A Beijing tale: The Bronze Bell in Gulou’s Tower

Under the Ming dynasty, there was an important rule: Beijing City’s gates had to be opened and closed precisely at specified hours. Since there were no clocks, the population was kept informed of the current time by bells. Those bells had to be heard all over the city and because of Beijing’s size, simple normal ones’ sound range was too limited. For this reason, the Ming emperor ordered that a new large bronze bell had to be crafted for Beijing.

This new bell was to replace the iron bell at the top of the Bell Tower, the very same Bell tower that still can be seen in Gulou Dajie (the area between Gulou Dajie subway station and the Houhai Lake), erected right in the middle of Beijing’s North-South axis. The original iron bell was not powerful enough; its sound couldn’t reach some distant districts of Beijing city.

The Emperor appointed a man named Deng to design and cast a bell made of bronze that would be two stories high, with a diameter of 10 feet and a weight of several tons.

The bell was crafted in a place which nowadays is still called Zhu Zhong Chang, “the Bell foundry”, a small Hutong west of Gulou Dajie.

With the technology available at that time, casting a Bell was no easy task. Melting bronze tends to become cold very quickly; therefore the bell had to be realized in several tiny fastidious steps which overall represented a very slow and uncertain process.

After several days of hard work, Deng’s craftsmen crew had only managed to finish the base of the bell and there was very little time left. Deng was full of despair and running short of ideas to have its task completed.

In those times, there was a legend believed among the bell founders that if a young girl was thrown in the melting bronze, then it would just stop becoming cold. However, Deng was totally unable face the simple thought that a young person had to be sacrificed.

One evening, as he was despaired and talking about this with his wife, his young daughter Hehua walked past their room and she heard the conversation.
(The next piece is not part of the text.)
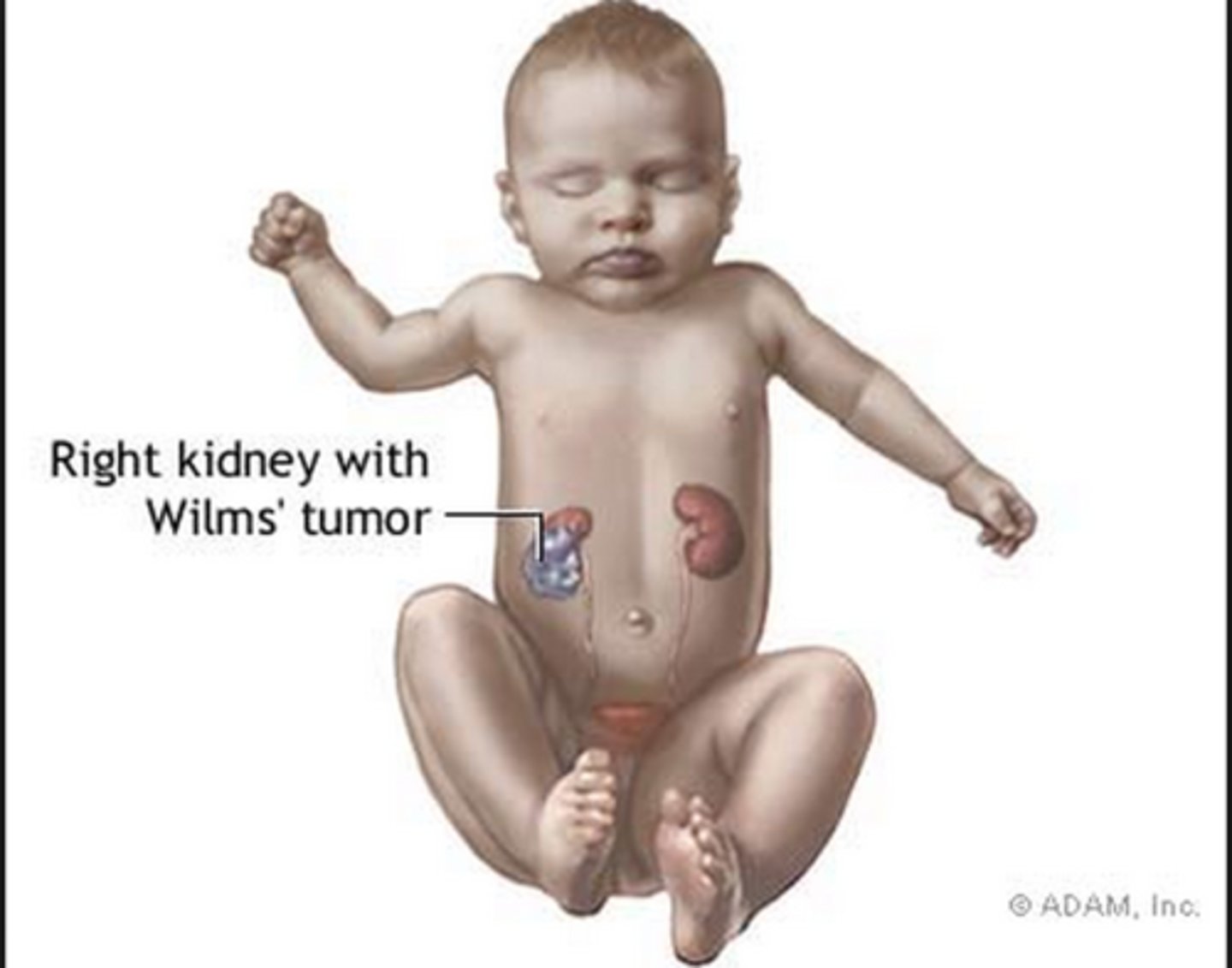 <p>Most common childhood renal tumor; WAGR syndrome (Wilm's tumor, aniridia, GU abnormalities, range of developmental delays); an incidental flank mass &amp; possible hematuria</p>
The next morning, as Deng was not at the foundry, Hehua walked in there wearing a red dress, a red coat and red shoes. The workers saw her and waived hello. Hehua walked towards the large furnace where the melting bronze was happily dancing and the heath excruciating. As the workers talked without looking at her, she seized the opportunity and jumped on the scaffold. She shouted “Mum, Dad, we will meet again in a next life! “ and threw herself inside the liquid bronze. Everyone was horrified and tried to rescue her, but the only thing a worker could grasp was a single red shoe.

Deng arrived at the workshop and learned what just happened, stuck with pain, hopeless, he decided that his daughter would not have died in vain. He asked the workers to cast the bell at once. They obeyed and managed to complete the magnificent bronze bell that was required for Beijing city.

Until recently, its beautiful and clear sound, a bright “dong dong dong”, could be heard all over Beijing, but, sometimes, when the weather was bad, people could hear “xie xie xie” (shoe shoe shoe in Chinese), as if Hehua was calling to get her red shoe back.